Após o ataque, o centro da cidade permaneceu isolado durante dois dias, até que os explosivos fossem desarmados. Três pessoas morreram, sendo dois moradores e um criminoso. Outras cinco também ficaram feridas, entre elas, um ciclista que teve os pés amputados após ser atingido por um explosivo.
A investigação policial identificou os suspeitos a partir de materiais genéticos coletados em vestígios do crime, quebras de sigilo de dados telefônicos e perícias sobre aparelhos eletrônicos.
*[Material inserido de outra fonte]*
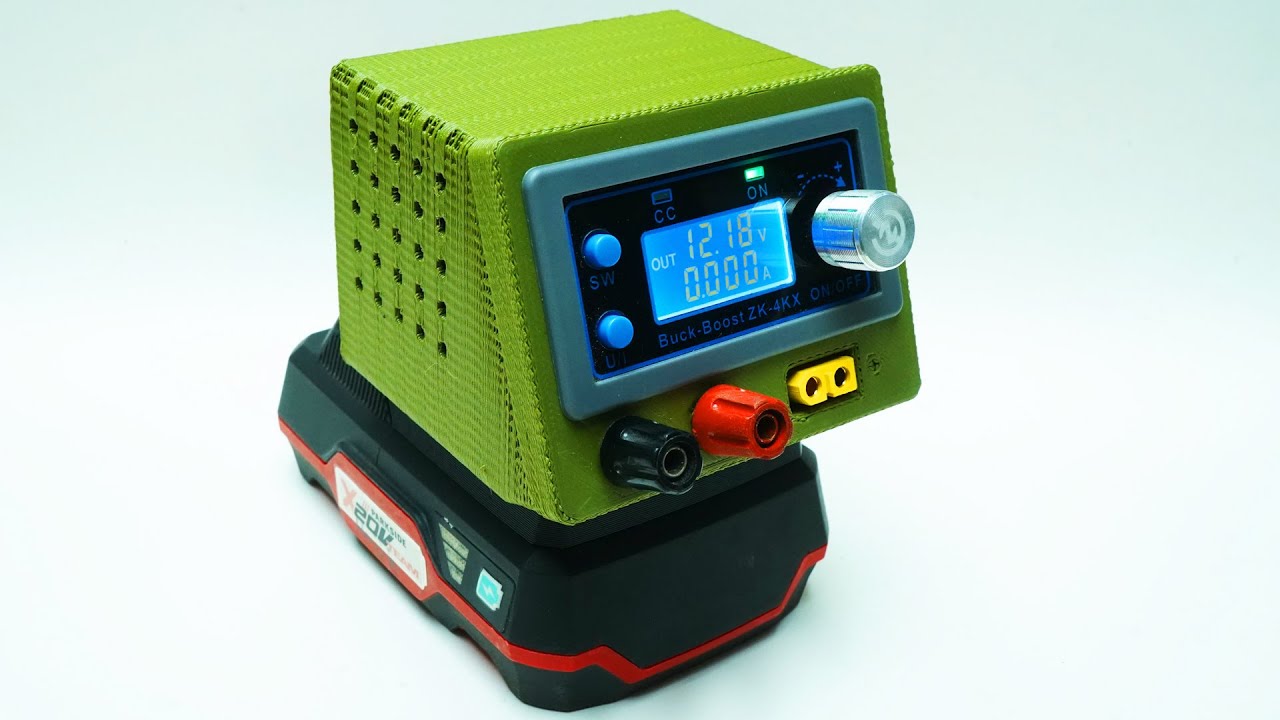 How To Build Portable Power Supply using 20V Drill Battery!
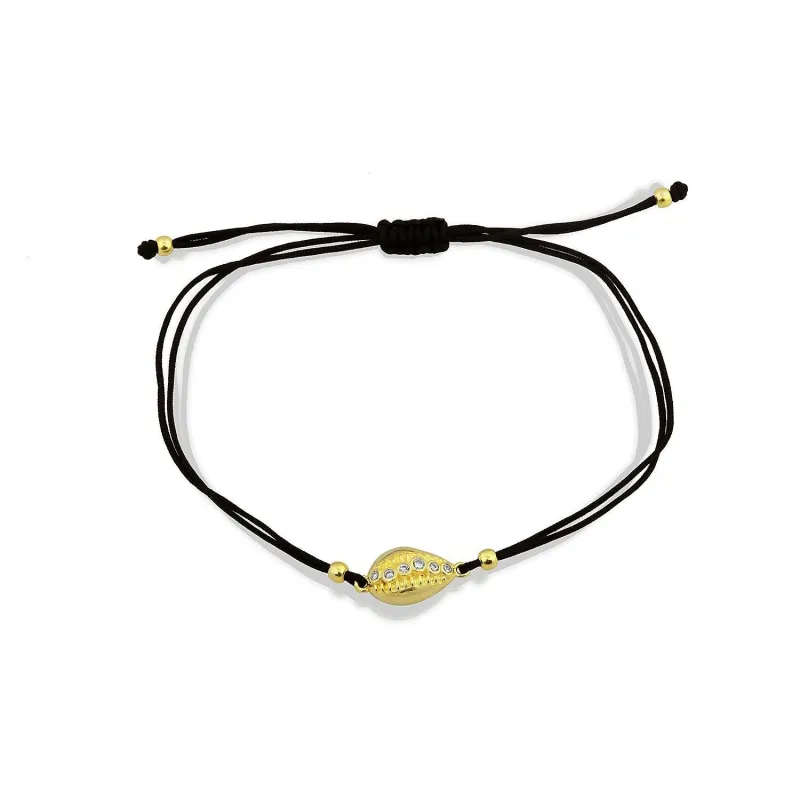 Gold Shell Adjustable Bracelets in Black and White sold by The Sis Kiss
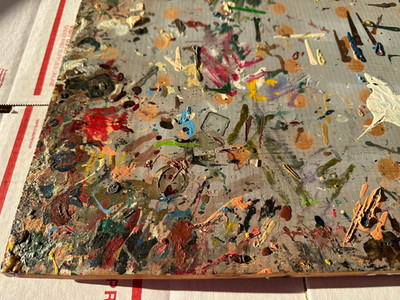 TSR Designer Jim Ward's Miniatures Painting Palette 1980s (Signed Jim Ward)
A instrução do processo judicial foi realizada em 15 audiências para oitiva de 33 testemunhas e 20 interrogatórios.
Penas
- Willian Brito dos Santos: 65 anos e 8 meses de prisão em regime fechado e 501 dias-multa;
- Rogerio Oliveira Rodrigues: 65 anos e 8 meses de prisão em regime fechado e 501 dias-multa;
- Cristiano de Moraes Vieira: 65 anos e 8 meses de prisão em regime fechado e 501 dias-multa;
- Jairo Nogueira: 40 anos e 3 meses de prisão em regime fechado e 362 dias-multa;
- Welton Marinho da Silva: 65 anos e 8 meses de prisão em regime fechado e 501 dias-multa;
- Renato Jorge Vianna: 7 anos e 2 meses de prisão em regime fechado e 433 dias-multa;
- Ademir Luiz Rondon, que é ex-militar do Exército: 65 anos e 8 meses de prisão em regime fechado e 501 dias-multa;
- Carlos Eduardo Rocha Dias: 47 anos e 2 meses de prisão em regime fechado e 433 dias-multa;
- Guilherme Ciarelli dos Santos: 55 anos e 8 meses de prisão em regime fechado e 487 dias-multa.